Write out exactly the lines from the one containing "ultrasound of human" through the last line of the records below, including both.

[Short descriptive text snippets]
------------------------------------------------

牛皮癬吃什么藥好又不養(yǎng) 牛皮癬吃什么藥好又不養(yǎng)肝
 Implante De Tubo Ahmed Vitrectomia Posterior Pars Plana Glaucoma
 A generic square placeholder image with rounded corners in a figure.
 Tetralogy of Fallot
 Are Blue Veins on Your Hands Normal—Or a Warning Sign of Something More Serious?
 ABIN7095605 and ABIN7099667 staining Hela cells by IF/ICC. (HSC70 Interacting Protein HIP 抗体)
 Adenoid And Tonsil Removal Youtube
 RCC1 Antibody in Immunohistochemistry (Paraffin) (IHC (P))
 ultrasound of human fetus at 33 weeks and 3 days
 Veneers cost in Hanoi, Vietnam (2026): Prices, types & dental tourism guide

------------------------------------------------

EXERCISE ANSWER:
 ultrasound of human fetus at 33 weeks and 3 days
 Veneers cost in Hanoi, Vietnam (2026): Prices, types & dental tourism guide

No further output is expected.